Lo más grave no es ceder ante la presión del prometido, de la suegra, de los padres; lo peor es que pocos años después verá cómo se repite la situación, pero ahora con el hijo (felizmente el esposo muere a los muy pocos años de su fechoría, y luego de comprobarse que en efecto su comportamiento fue criminal), que traiciona a su mentor y mejor amigo para ganar un concurso de arquitectura; traiciona a la mujer que lo ama, y traiciona a la madre.
Esta novela, que tiene el mismo título que una de las principales obras de William Faulkner, plantea un dilema moral: qué debe hacerse cuando se descubre que alguien cercano comete traición, o se aprovecha de una situación para tomar ventaja en algo que signifique una situación determinante en la vida.

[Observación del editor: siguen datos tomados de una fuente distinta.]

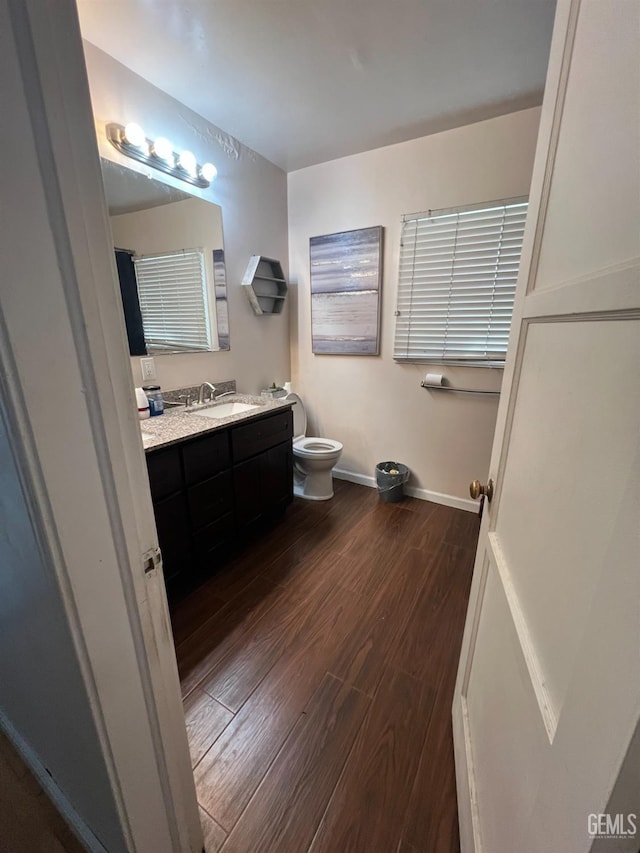 bathroom with vanity, wood-type flooring, and toilet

La protagonista ni siquiera tiene el pretexto del amor, porque cuando descubre que el prometido es un gandalla deja de sentir ningún tipo de pasión, le pierde el respeto y lo desprecia. ¿Por qué entonces lo acepta, por qué no lo denuncia, cuando menos ante la suegra chantajista, ante el padre dubitativo? Y si el prometido actúa así, ¿no previó que el hijo iba a heredar la gandallez, no pudo educarlo —sola, por la muerte prematura del marido— de tal manera que no se aprovechara de alguna situación hipotética antes de que se convirtiera en algo real más que en una posibilidad?
En las novelas del siglo XIX, antes de Madame Bovary, las mujeres le estorbaban a los novelistas, que cuando no sabían qué hacer con ellas, hacían que se desmayaran, con lo que no tenían que tomar decisiones importantes ni mucho menos determinantes; cuando regresaban de su desmayo ya se había solucionado todo.
Después las protagonistas de las grandes novelas (Stendhal, Flaubert, Zolá, Tolstoy, Dostoievsky) son víctimas de las circunstancias, pero no de su debilidad. Por eso asombra que una mujer como Wharton haya escrito una novela nada convencional, en la que los hombres, cuando menos los dos principales, sean débiles, truhanes, mentirosos, traidores, que tan fácilmente se autoconvenzan de que no actúan mal y que más bien era de justicia la muerte de sus contrincantes; que la protagonista, y las otras mujeres que aparecen, tengan tanta fuerza, negativa o positiva, pero que de cualquier manera se permite que triunfe el mal.
Wharton no es, pese a todo, imparcial; en todo momento hace ver que la protagonista tiene razón cuando piensa mal, trasmite los sentimientos de dubitación, de incertidumbre, su juicio condenatorio; no se introduce en la mente de los protagonistas masculinos, pero sí en los de las mujeres, y deja ver una batalla entre la ética y el amor, o cuando menos la duda entre la sinceridad de los hombres ante el mal, y que son tan débiles que terminan confesando su crimen. ¿Por qué triunfa el mal por sobre la evidente virtud?
Santuario pudo ser más compleja, pudo ser precursora de una literatura feminista —en el buen sentido de la palabra— y no bosquejo de las bajas pasiones humanas con un tratamiento maniqueo; pudo ser una muy buena novela, no una curiosidad literaria, una obra menor de una gran escritora.
Pa’ molarla de acabar, la traducción de Pilar Adón carece de la audacia de la prosa de Wharton, contiene los solecismos acostumbrados en la industria editorial española que vive una fiebre por traducir tan apresurada que entrega malos resultados; Wharton siempre se distinguió por su sutileza, por su ironía y agudeza, elementos que no se transparentan en la traducción, ni se dejan ver en el prólogo de Sanz, demasiado explicativo y laudatorio; que intenta, sin lograrlo, equiparar Santuario con La edad de la inocencia, y sobre todo con los relatos de fantasmas que fueron los que la hicieron grande (antecedentes de la intención de Fuentes en Aura, Una familia lejana, "Chac Mool", Cambio de piel) y que ya había comenzado a publicar cuando emprendió esta novela, que le quedó muy corta tomando en cuenta sus intenciones y su talento.